Indeed, a visiting school doctor once determined my early lack of growth to be due to sleep deprivation. "He's always on the landing listening to the Sweeney," my mum said, which was untrue. My lack of height was never the fault of John Thaw and Dennis Waterman as I didn't particularly like the programme. Preferred Minder.
In my early teens it was more likely to be football that kept me up, then came drinking, which didn't cause sleep disturbance as such, but keep me out of bed altogether.
Then it was worry about exams, whether or not I would ever get a job, the future in general. After that, it was mostly worry about the present that kept me awake and has been ever since - except for the noises in my head.
I have tried sleeping pills, cups of cocoa, natural remedies, drinking more, drinking less, not drinking at all, listening to mind-numbing whale music etc. None of it works.
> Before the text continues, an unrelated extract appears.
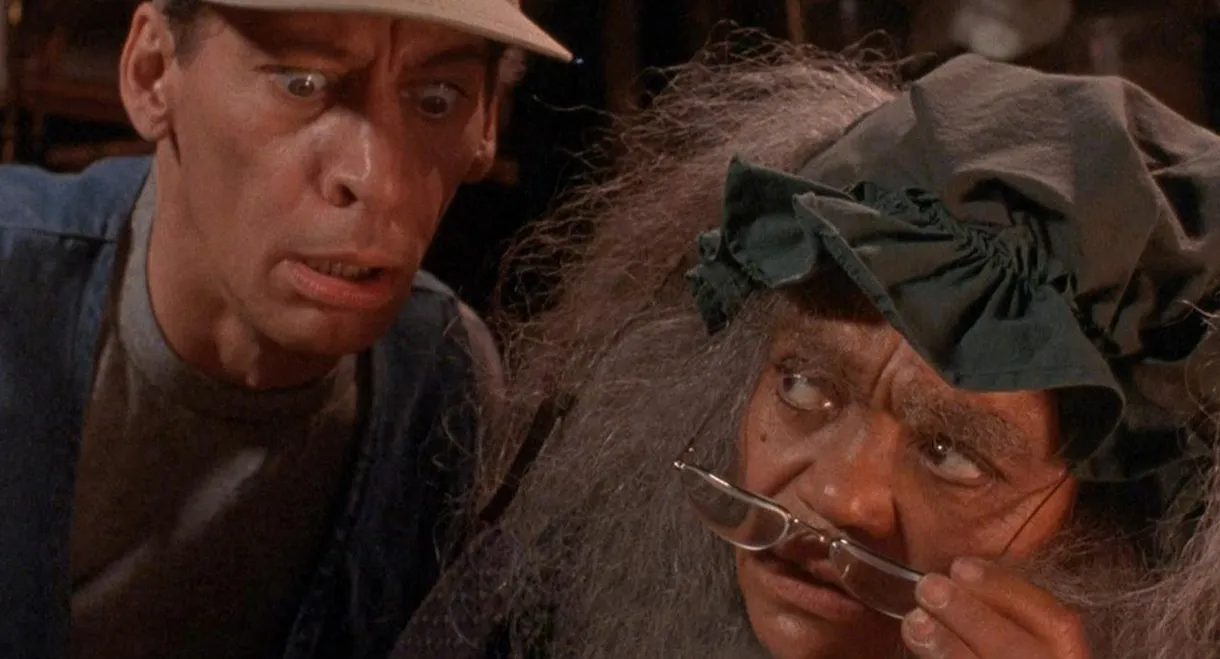 Ernest Scared Stupid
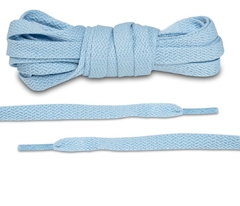 AIR LACES LIGHT BLUE 180CM - La Cordoneria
The only thing that actually guarantees a decent kip is public transport.
I've often noticed people asleep on the bus, suddenly jerked into recognition that their stop is approaching and others blissfully unaware that they are enroute to unfamiliar territory.
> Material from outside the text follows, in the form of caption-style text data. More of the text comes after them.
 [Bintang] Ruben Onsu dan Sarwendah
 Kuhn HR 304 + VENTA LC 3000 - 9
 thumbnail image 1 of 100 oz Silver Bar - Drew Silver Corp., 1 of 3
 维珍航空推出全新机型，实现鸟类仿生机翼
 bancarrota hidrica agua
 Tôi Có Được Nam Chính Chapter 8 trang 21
I once found myself alighting from a bus at the same place I had got on it, the only thing being it was about 5am and I had started the journey around three hours earlier. So what happened there then? I had obviously nodded off.
On Saturday I was in Manchester sampling the glühwein at the Christmas markets and, after visiting several pubs as well, boarded the train back home, only to find myself hearing the announcement that the next station was Darwen. I had fallen asleep, as had my partner and brother, and we had missed our stop, causing us to spend a further £15 on a taxi back to Bolton.
Perhaps the solution to falling numbers using public transport is to market buses and trains as a cure for insomnia, and run them through the night. Imagine it, thousands queueing up to get a good sleep on the train, waking up just in time for work, refreshed and ready to go.
The only problem would be they would have to throw in a few pre-trip drinks and you would have to find your way back from whatever town or city you woke up in.
On second thoughts, I'll book another appointment with the school doctor.